Juan Carlos Bonilla Valladares, the former director of Honduras police better known as “El Tigre,” was arrested at a toll booth outside the capital city, Tegucigalpa, on March 9. He faces extradition to the United States, where prosecutors accuse him of participating in a state-sponsored drug trafficking conspiracy implicating top Honduras officials, including Hernández. It comes just weeks after Honduras police arrested the former president, also wanted for extradition on drug trafficking charges.
US prosecutors first charged Bonilla with drug trafficking and related arms offenses in April 2020. The Justice Department accuses the former police chief of abusing his position within Honduras law enforcement to protect cocaine shipments on behalf of the former president and his brother, Juan Antonio "Tony" Hernández Alvarado – a convicted drug trafficker now serving a life sentence in the US.

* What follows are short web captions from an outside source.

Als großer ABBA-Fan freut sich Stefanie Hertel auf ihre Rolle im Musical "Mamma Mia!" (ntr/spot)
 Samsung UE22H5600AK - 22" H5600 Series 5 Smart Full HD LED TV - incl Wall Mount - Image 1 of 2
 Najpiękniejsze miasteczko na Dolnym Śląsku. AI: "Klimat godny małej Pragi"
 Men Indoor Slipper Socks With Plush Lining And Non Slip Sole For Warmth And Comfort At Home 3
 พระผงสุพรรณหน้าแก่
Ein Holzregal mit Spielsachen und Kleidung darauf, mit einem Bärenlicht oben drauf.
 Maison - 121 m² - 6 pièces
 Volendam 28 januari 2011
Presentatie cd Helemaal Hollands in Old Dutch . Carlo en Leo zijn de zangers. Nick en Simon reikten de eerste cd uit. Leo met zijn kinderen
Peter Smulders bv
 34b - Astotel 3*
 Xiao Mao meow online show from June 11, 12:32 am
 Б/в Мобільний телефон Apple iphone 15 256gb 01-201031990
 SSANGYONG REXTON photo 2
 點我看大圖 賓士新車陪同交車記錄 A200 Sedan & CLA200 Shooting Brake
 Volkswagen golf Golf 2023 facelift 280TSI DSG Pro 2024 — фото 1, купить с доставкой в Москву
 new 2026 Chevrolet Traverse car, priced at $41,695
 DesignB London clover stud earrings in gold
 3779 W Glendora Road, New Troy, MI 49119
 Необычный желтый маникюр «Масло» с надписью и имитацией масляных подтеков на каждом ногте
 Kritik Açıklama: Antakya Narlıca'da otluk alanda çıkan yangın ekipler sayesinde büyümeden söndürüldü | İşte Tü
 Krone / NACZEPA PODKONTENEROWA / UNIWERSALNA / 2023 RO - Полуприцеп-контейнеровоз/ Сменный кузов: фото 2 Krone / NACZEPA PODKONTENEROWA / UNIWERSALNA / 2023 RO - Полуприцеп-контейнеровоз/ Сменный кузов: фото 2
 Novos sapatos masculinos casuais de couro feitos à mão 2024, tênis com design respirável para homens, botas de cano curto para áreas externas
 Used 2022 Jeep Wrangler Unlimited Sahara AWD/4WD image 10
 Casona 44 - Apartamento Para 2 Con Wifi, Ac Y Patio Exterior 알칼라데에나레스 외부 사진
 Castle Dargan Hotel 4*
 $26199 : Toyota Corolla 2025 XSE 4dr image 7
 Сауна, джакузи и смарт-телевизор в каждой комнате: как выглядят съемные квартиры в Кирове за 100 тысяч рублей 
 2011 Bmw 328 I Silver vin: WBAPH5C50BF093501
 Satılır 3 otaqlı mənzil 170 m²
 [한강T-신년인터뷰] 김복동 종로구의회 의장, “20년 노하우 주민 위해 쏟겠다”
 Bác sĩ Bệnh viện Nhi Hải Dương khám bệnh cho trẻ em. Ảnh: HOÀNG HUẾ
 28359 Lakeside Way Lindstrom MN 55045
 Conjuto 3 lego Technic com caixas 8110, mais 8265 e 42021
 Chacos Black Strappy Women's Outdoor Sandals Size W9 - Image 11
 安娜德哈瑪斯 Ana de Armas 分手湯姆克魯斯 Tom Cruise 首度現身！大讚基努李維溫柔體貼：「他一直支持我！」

The former police chief has previously denied the accusations made by US attorneys.
Hours after his arrest, Honduras police paraded Bonilla before press handcuffed at the wrist and ankles, emulating scenes from just weeks earlier when authorities detained Hernández in shackles outside his home in Tegucigalpa. Bonilla will remain in detention while he awaits an extradition hearing March 10, according to Honduras police.
Bonilla served as director of Honduras police between 2012 and 2013 but his tenure was mired in controversy amid allegations he was involved in death squads.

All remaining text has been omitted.